» TASK
The pictures in the listing below are to be skipped, while the lines between the line holding "Full Length Chelsea Trench Coat (Dark Camel)" and the line holding "Seat Frame and Throttle Assembly", inclusive, are to be output exactly.
___ SOURCE MATERIAL
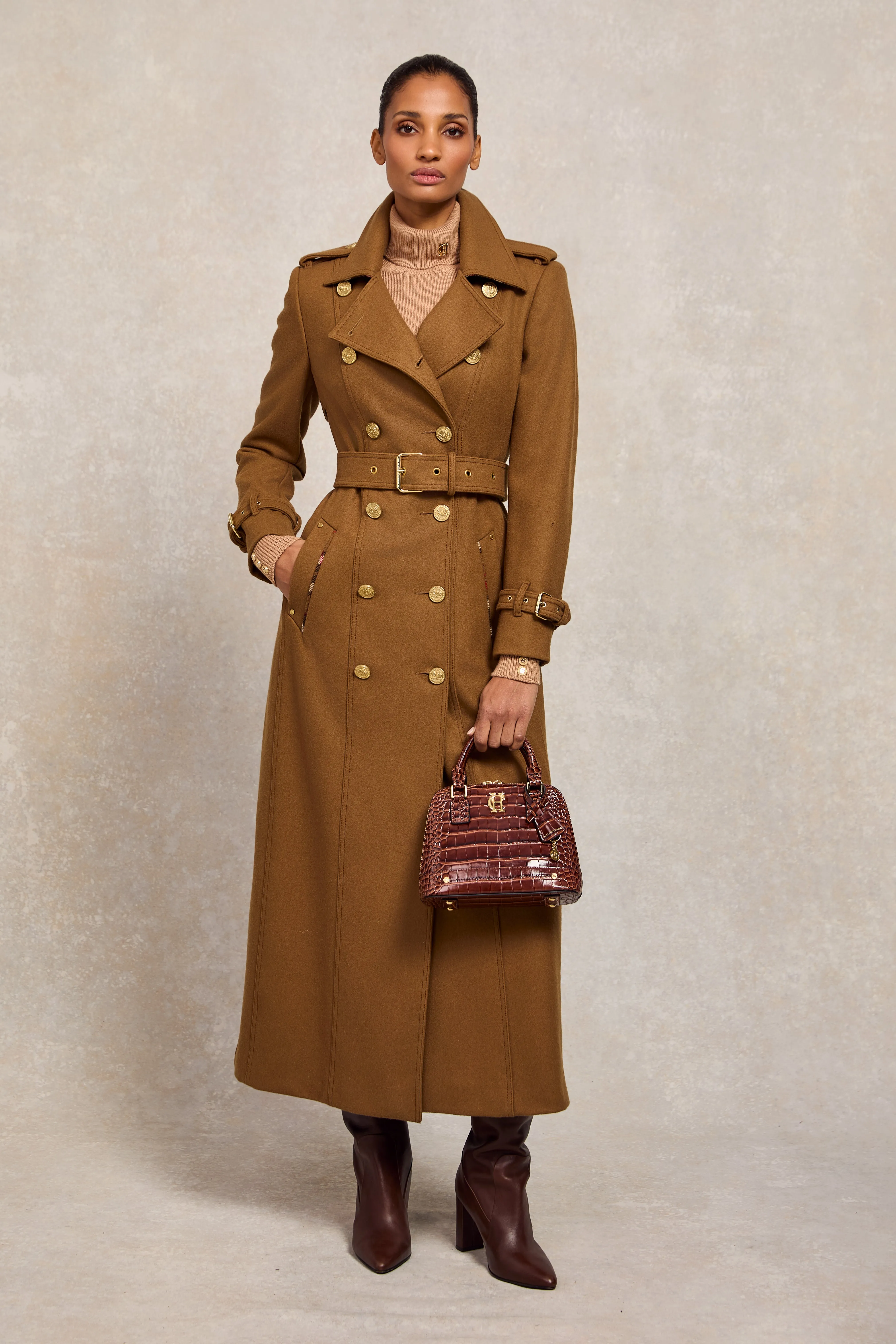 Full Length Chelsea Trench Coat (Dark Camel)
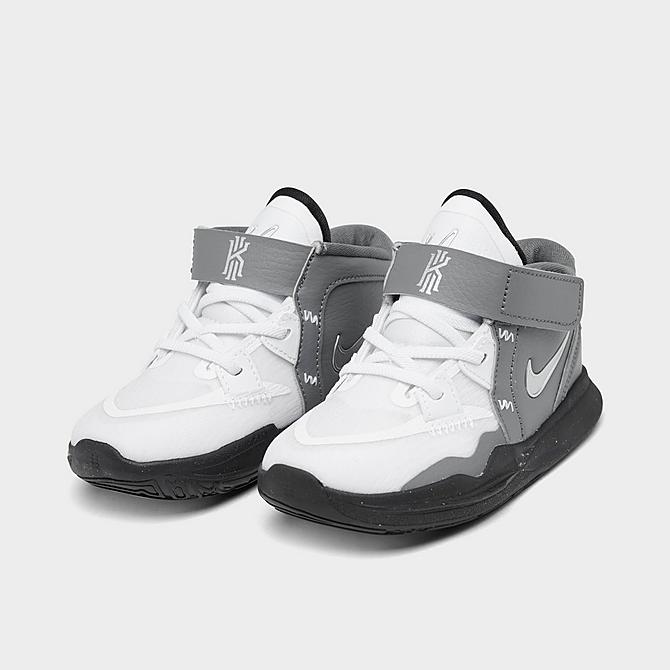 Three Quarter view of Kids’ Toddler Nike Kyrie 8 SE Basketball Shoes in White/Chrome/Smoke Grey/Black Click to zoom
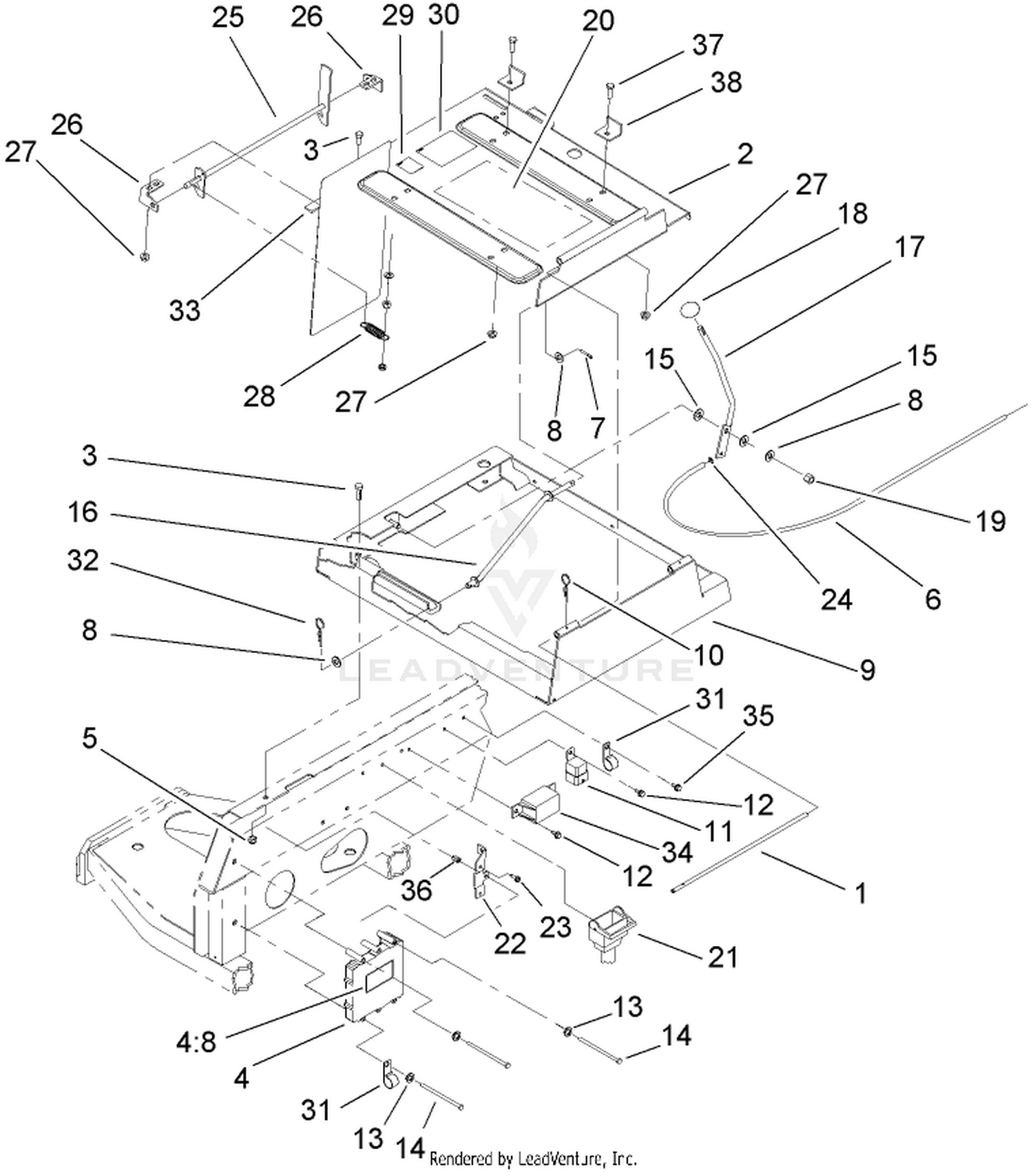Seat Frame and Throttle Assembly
______
___ SOURCE MATERIAL
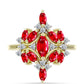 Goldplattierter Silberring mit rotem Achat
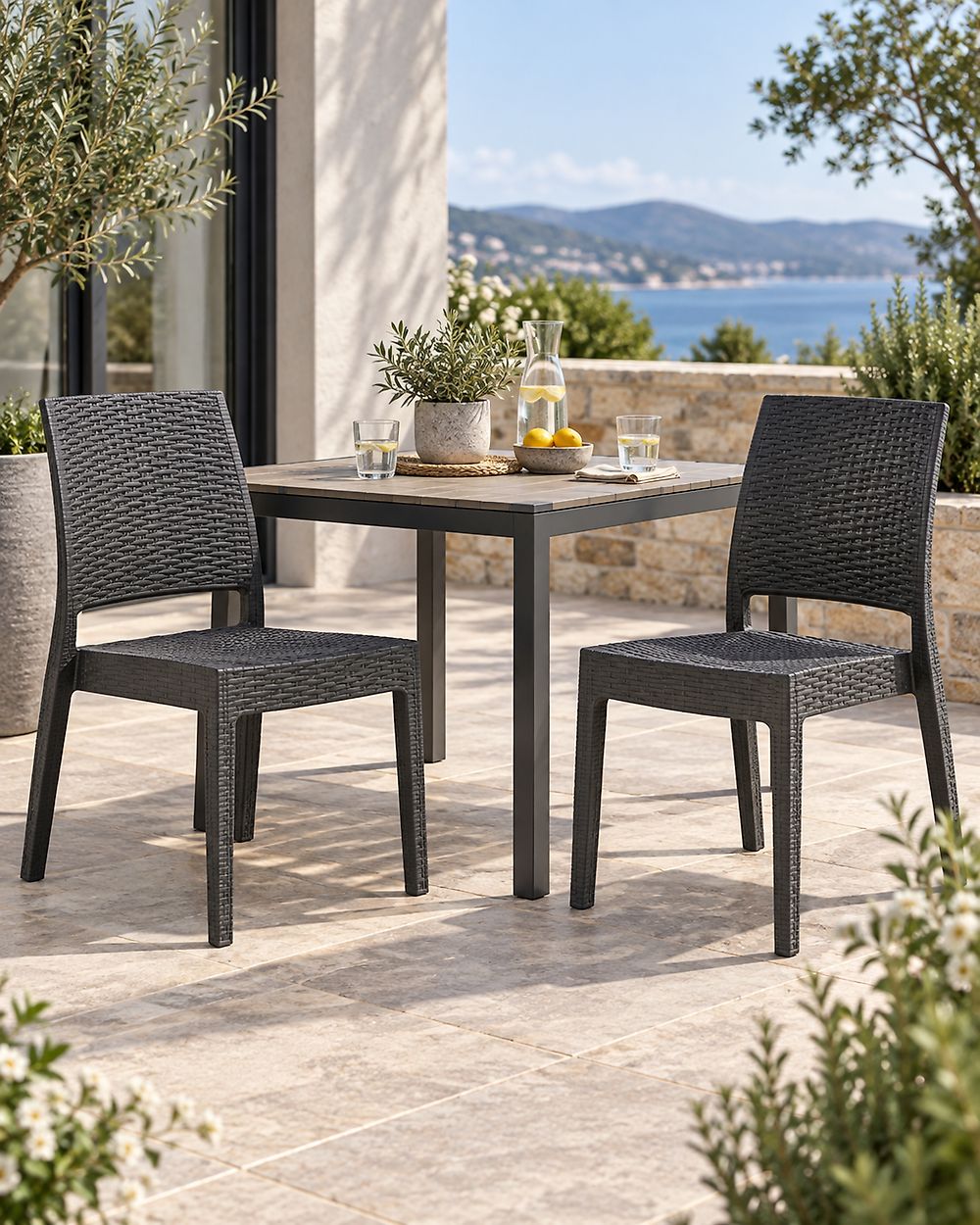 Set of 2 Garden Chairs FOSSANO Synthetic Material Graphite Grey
______
» FINISHED TASK
 Full Length Chelsea Trench Coat (Dark Camel)
 Three Quarter view of Kids’ Toddler Nike Kyrie 8 SE Basketball Shoes in White/Chrome/Smoke Grey/Black Click to zoom
Seat Frame and Throttle Assembly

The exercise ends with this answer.